TRY IT |
Exercise in exact copying: restate word for word only the lines below from the one containing "The appendix is" through the one containing "That's it! You're", omitting any pictures.

-- DATA PROVIDED follows --

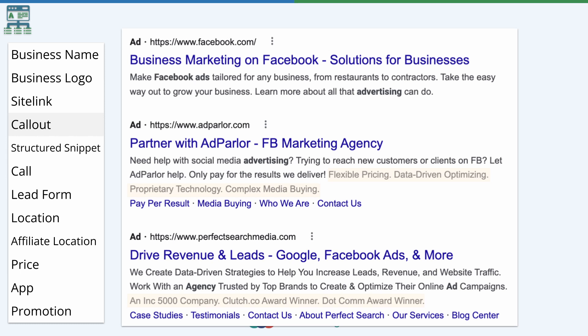One of the things that's easy to fall into the trap of when creating your call-outs is they'll make no sense, or it's a feature your customers might not actually care about — or it's just kind of a given, like 'of course you're going to use data to optimize my campaigns.' You want to make the most of this real estate, focusing on how you're unique or different. Something like flexible pricing or complex media buying can speak to someone who doesn't want the typical agency model, versus vague phrases like 'data-driven optimizing' or 'proprietary technology.'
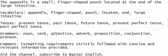The appendix is a small, finger-shaped pouch located at the end of the large intestine.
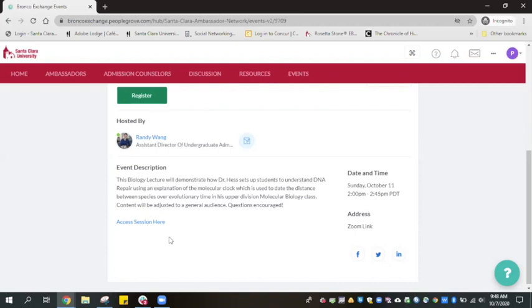That's it! You're ready to participate in Santa Clara University's Virtual Open House Week. Hope to see you there!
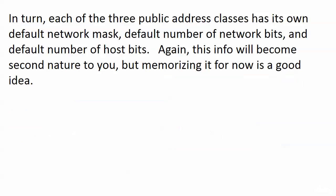But those are your class E addresses. Now in turn each of those public address classes we just looked at, A, B, and C, they each have its own default network mask, its own default number of network bits and its own default number of host bits. This information will become second nature to you but memorizing it for right now is an excellent idea.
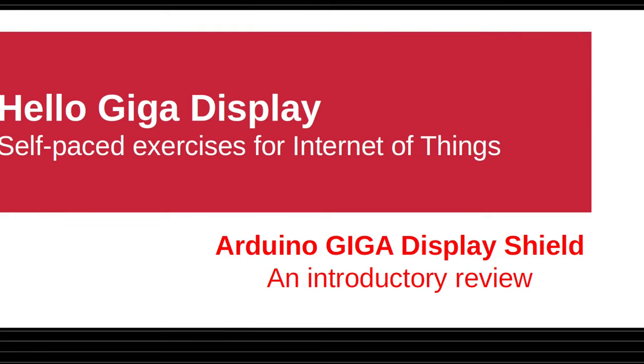Hello, welcome to the Bakwas channel for self-paced tutorials on Internet of Things. This presentation is an introduction to the Arduino Giga Display Shield.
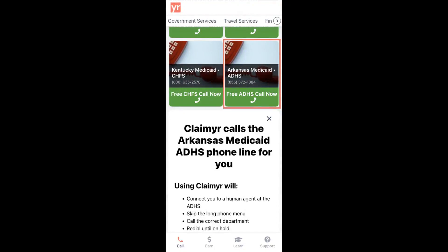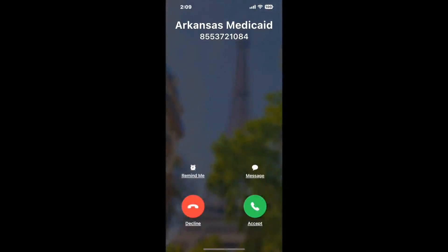Claimer can automatically call any phone line for you. It'll connect you directly to a human at Arkansas Medicaid. It dials the number and stays on hold for you while it waits for an agent to take the call. When it detects an agent,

-- DATA PROVIDED concluded --

WRITTEN REPLY |
The appendix is a small, finger-shaped pouch located at the end of the large intestine.
That's it! You're ready to participate in Santa Clara University's Virtual Open House Week. Hope to see you there!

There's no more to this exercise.